Bild: Kann alles: Marcel Beyer
Wenn es einen Schriftsteller gibt, der das Vorurteil, Lyriker könnten keine
Romane schreiben (oder umgekehrt), widerlegt, dann ist es Marcel Beyer. Der
1965 in Baden-Württemberg geborene, aber bereits seit 20 Jahren in Dresden
lebende Schriftsteller kann, und das ist keine Übertreibung, alles:
Er kann raffiniert gebaute und anspielungsreiche Gedichte schreiben, die
auf einer inhaltlichen Ebene jederzeit zu verstehen sind und trotzdem in
tiefere Schichten von Bewusstsein, Erinnerung und Kultur führen. Er
schreibt mitreißende, doppelbödige Romane und ist noch dazu, wie sein im
Jahr 2012 erschienener Band „Putins Briefkasten“ unter Beweis stellt, ein
glänzender Essayist.
Zunehmend hat Marcel Beyer in den vergangenen Jahren interdisziplinär
gearbeitet: 2015 hatte er sich zu Eröffnung des Frankfurter Lyrikfestivals
mit dem Ensemble Modern zu einem Lesungskonzert zusammengefunden, für das
er sowohl eigene Gedichte aus seinem Band „Graphit“ (2014) als auch Texte
seiner eigenen Referenzgrößen zusammengestellt hatte. Der Klang und die
Musikalität von Sprache sind es, die Beyers literarische Forschungen
grundieren und vorantreiben. Das Geräusch ist elementar.
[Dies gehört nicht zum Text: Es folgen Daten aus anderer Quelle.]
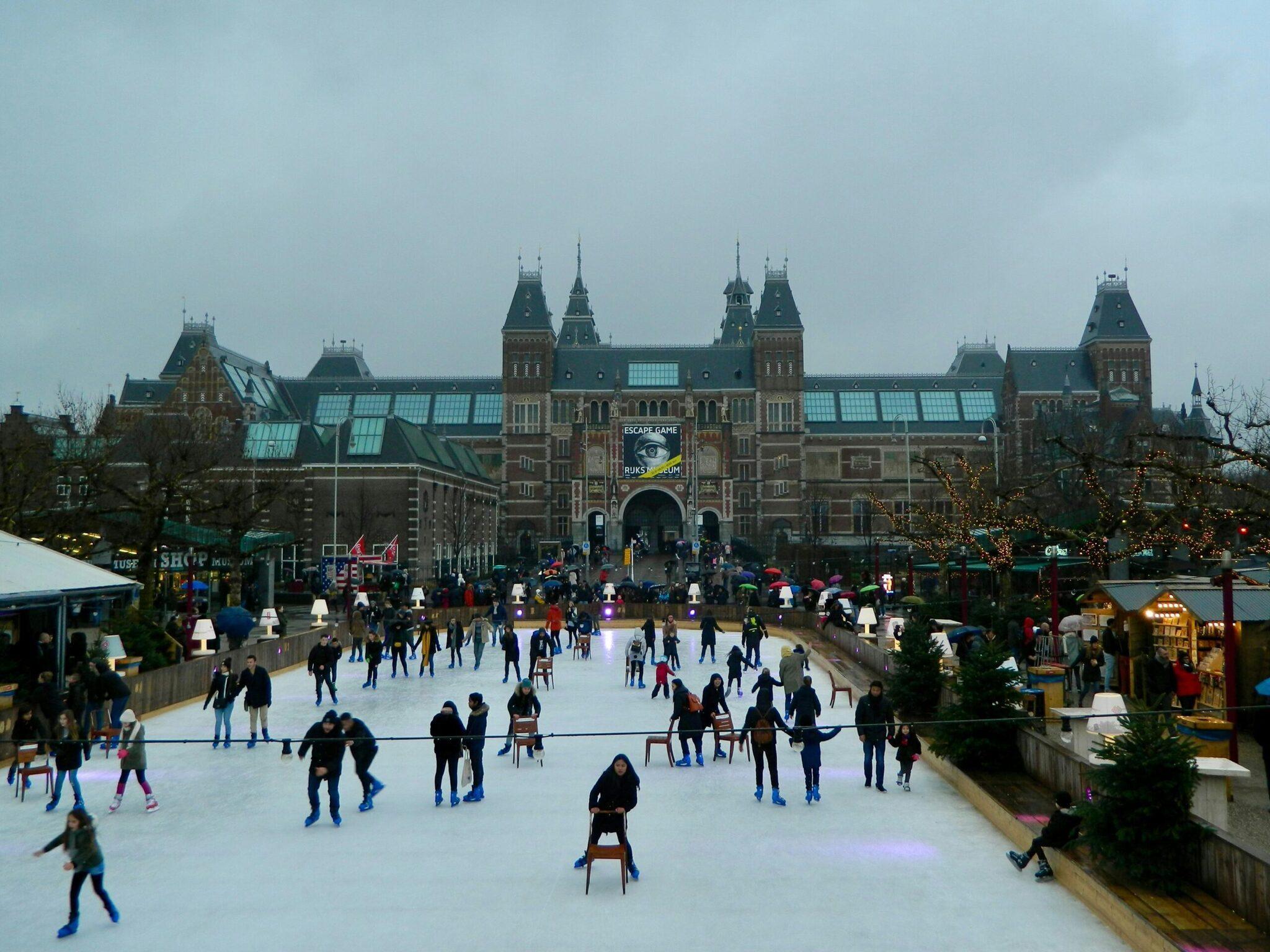 Patinoire extérieure animée devant un imposant bâtiment historique aux toits verts et tourelles, entourée de décors festifs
Das war schon so
in „Flughunde“, Beyers zweitem, 1995 erschienenen Roman, der ihn berühmt
machte.
Darin erprobt sich der fanatische Akustiker Hermann Karnau an einer
umfangreichen Kartografierung menschlicher Stimmen. Karnau lauscht den
Menschen ihre Geräusche ab und stellt sich dafür sogar in den Dienst der
Nationalsozialisten und ihres propagandistischen Anführers Joseph
Goebbels. „Flughunde“ ist zum einen ein exzellent erzählter, spannender
Roman, zum anderen aber hat Beyer auch eine der zentralen Metaphern des
„Dritten Reichs“ zu fassen bekommen und in Handlung übersetzt.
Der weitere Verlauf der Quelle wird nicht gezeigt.